Your objective: Below is a listing with pictures. Repeat exactly the lines starting at the one holding "Aerial image of" and going on through the one holding "A group of performers", and leave every picture out.

[[ Dataset records open ]]

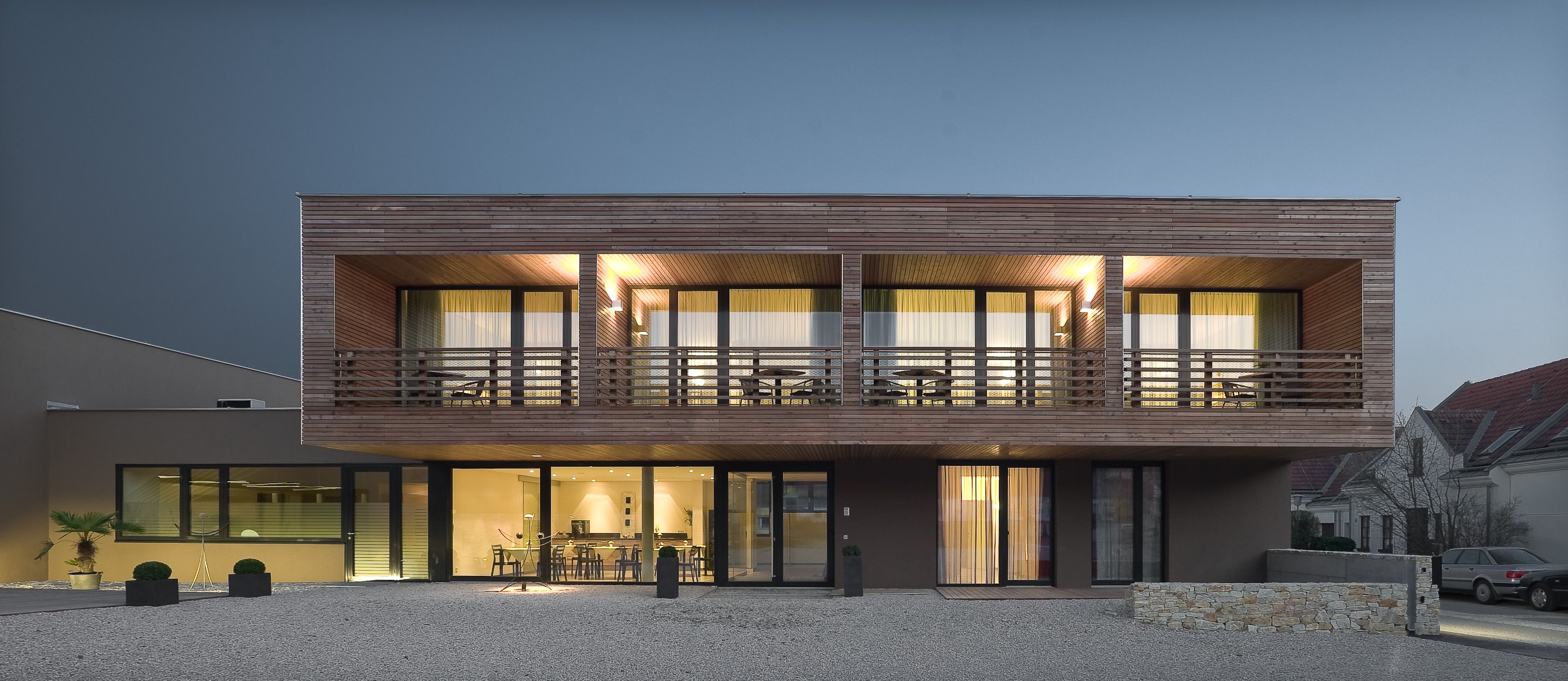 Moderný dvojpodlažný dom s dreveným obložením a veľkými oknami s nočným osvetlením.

[[ Dataset records closed ]]
[[ Dataset records open ]]

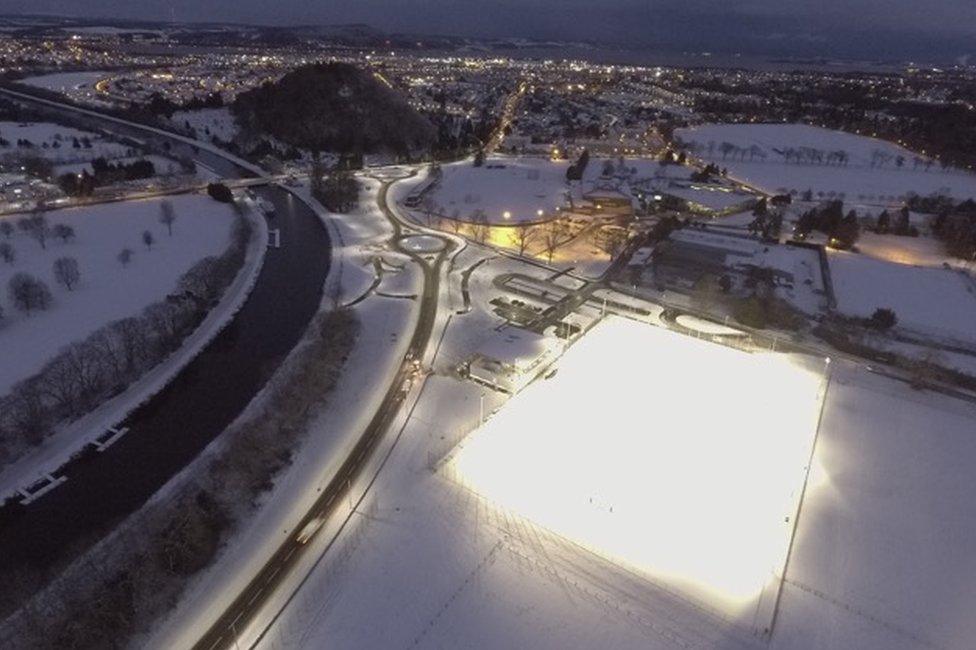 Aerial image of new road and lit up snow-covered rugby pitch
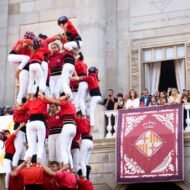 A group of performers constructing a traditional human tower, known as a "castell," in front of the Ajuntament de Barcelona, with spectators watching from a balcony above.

[[ Dataset records closed ]]
[[ Dataset records open ]]

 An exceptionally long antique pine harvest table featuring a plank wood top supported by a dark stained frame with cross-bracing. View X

[[ Dataset records closed ]]

Expected output:
 Aerial image of new road and lit up snow-covered rugby pitch
 A group of performers constructing a traditional human tower, known as a "castell," in front of the Ajuntament de Barcelona, with spectators watching from a balcony above.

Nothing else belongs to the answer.